• **DIRECTIONS**:
What is needed is an exact transcription of every entry below, with the pictures left out.

Referring expression grounding data
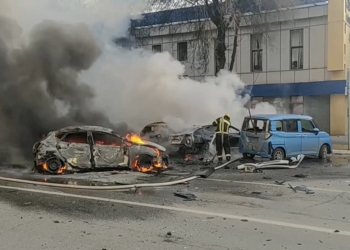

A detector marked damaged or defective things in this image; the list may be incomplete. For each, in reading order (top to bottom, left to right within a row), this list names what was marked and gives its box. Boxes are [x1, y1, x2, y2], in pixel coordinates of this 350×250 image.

charred car body [32, 125, 168, 174]
burnt car wreck [32, 127, 168, 174]
charred car body [140, 122, 241, 155]
burnt car wreck [140, 122, 241, 155]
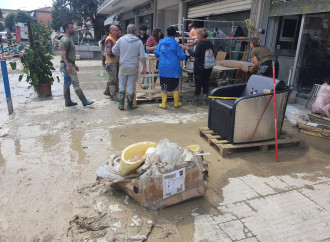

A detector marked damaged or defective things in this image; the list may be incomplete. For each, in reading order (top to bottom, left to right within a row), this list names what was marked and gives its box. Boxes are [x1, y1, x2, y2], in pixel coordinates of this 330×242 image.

damaged furniture [210, 74, 288, 144]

• **ANSWER TO THE EXERCISE**:
A detector marked damaged or defective things in this image; the list may be incomplete. For each, in reading order (top to bottom, left to right within a row), this list names what was marked and gives its box. Boxes are [x1, y1, x2, y2], in pixel coordinates of this 350×250 image.

charred car body [32, 125, 168, 174]
burnt car wreck [32, 127, 168, 174]
charred car body [140, 122, 241, 155]
burnt car wreck [140, 122, 241, 155]

A detector marked damaged or defective things in this image; the list may be incomplete. For each, in reading order (top to bottom, left to right within a row), this list names what was marked and gives its box. Boxes are [x1, y1, x2, y2], in pixel coordinates of this 330×242 image.

damaged furniture [210, 74, 288, 144]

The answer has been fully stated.